Drinkable Sunscreen Maker Sued for Selling Shaky Water as Drinkable Sunscreen

The makers of a drinkable sunscreen, Osmosis Harmonized H2O, are being sued by the Iowa Attorney General due to claims of fraud and deceiving consumers. The makers claims that by drinking five pumps of this water, that has been exposed to "proprietary frequencies in the form of scalar waves" from their harmonizer machine, a person can be protected at the same level of a SPF 30 sunscreen for 3 hours. The Iowa AG has called these shaky claims into question, and despite the less than 3.5oz bottle of drinkable sunscreen costing $30, is seeking $40,000 per consumer.

The actual lawsuit goes so far as to call the product's allegedly scientific basis "pure bunk" and "pseudo-science at its worst," explaining that there is no scientific fact to support the claims made. Additionally, it was never disclosed that the doctor that drafted a report in support, in 2014, had not been licensed to practice medicine since 2001. Significantly, the report was neither peer reviewed, nor published.

Naturally Burning Consumers

Putting on sunscreen can often be cumbersome. While there are some natural foods that can help when it comes to sun exposure, scientists have warned that these types of preventative measures are not enough. Additionally, for people that are always trying to avoid chemicals, plenty of natural kinds of actual sunscreen eschew harsh chemicals for naturally based ingredients.

The claims made by the drinkable sunscreen maker are just too good to be true. Unfortunately, the warning that none of the claims were substantiated by the FDA were only on the back, in script. However, despite this not-exactly-hidden warning, under Iowa law, and likely several other state's laws, making scientific claims that are not supported by science is a violation of consumer protection laws.

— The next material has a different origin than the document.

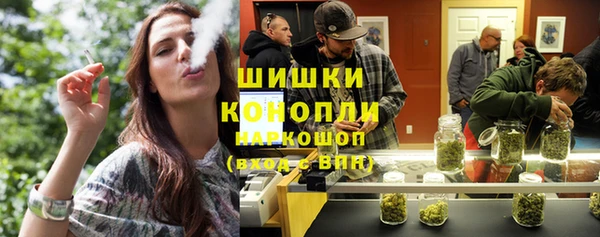 гашик Бронницы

Burned by False Advertising

Consumers who purchased this product may have individual claims for relief against the company. If the product failed to protect them from burns, which based on the Iowa AG's claims sounds likely, a person could potentially have an individual product liability claim against the makers. Depending on how severe the burns were, and the other facts surrounding the scenario, a burned consumer may consider seeking out individual legal help from an experienced injury or products liability lawyer.